And they are bolstered by an education delivered by their elders while serving time in what soon was widely known as “The University.”


On the return ferry, the mist lifted and the tone of the day relaxed with a group visit to Groot Constancia, the Cape’s oldest vineyard (c. 16-something).


We actually had quite an informative tour.

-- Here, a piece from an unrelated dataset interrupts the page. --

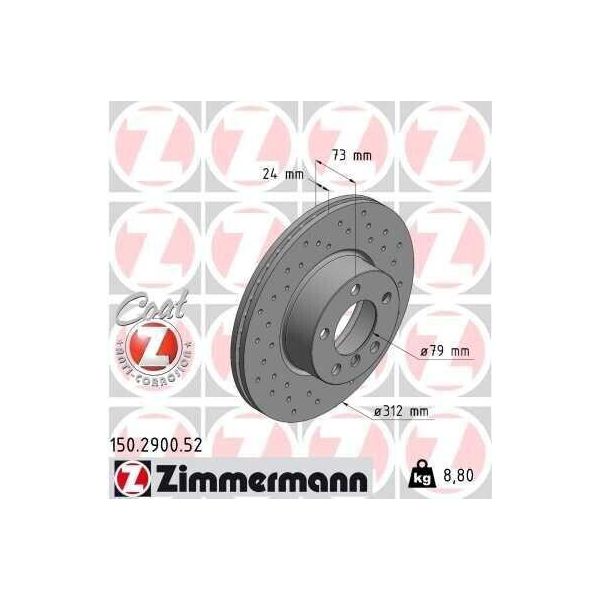 Zimmermann 150.2900.52 - Disco Freno Per Serie 1 (F20), Serie 1 (F21), Serie 2 (F23), Serie 2 (F22, F87), Serie 3 (E90), Serie 3 (F30), Serie 3 (E93), Serie 3 (E92), Serie 3 Gt (F34), Serie 3 (E91), Serie 3 (F31), Serie 4 (F33), Serie 4 (F32, F82), Serie 4 (F36), X1 (E84)-image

For instance, should you wish to divulge this little factoid while hosting your next wine and cheese soiree—80% of the world’s cork comes from Portugal.
Who knew!
Traditionalists opposed to the use of synthetic cork (or worse, the wretched screw top!) may want to boast that the cork harvesting process is supposedly sustainable (supposedly being the operative word).
Personal disclaimer:  I could not care less how the wine is sealed but Kyle (our fabulously British wine educator) coaxed us all into verbally acquiescing that the “POP” of a cork, is, indeed, quite a pleasant sound that fills one with a warm anticipation of the impending libation.
Forgive me for prattling about cork.



We had a farewell dinner at Mama Africa, where the game meat was succulent and the wine (from Groot!) flowed liberally. 


That’s surprisingly chewy but delicious crocodile.
  
 

The festivities continued with dancing at a club called Zula, which we all may or may not have slightly regretted the next morning.
Or, entire next day.

Regardless, it was a perfect last hurrah.
Love from Cape Town.


2 comments:

  1. Word of the day, "wisdom".

    P.S. I knew that about corks...didn't I tell you? Thankfully, your journey has schooled you in the important, minute details. Alice will be proud!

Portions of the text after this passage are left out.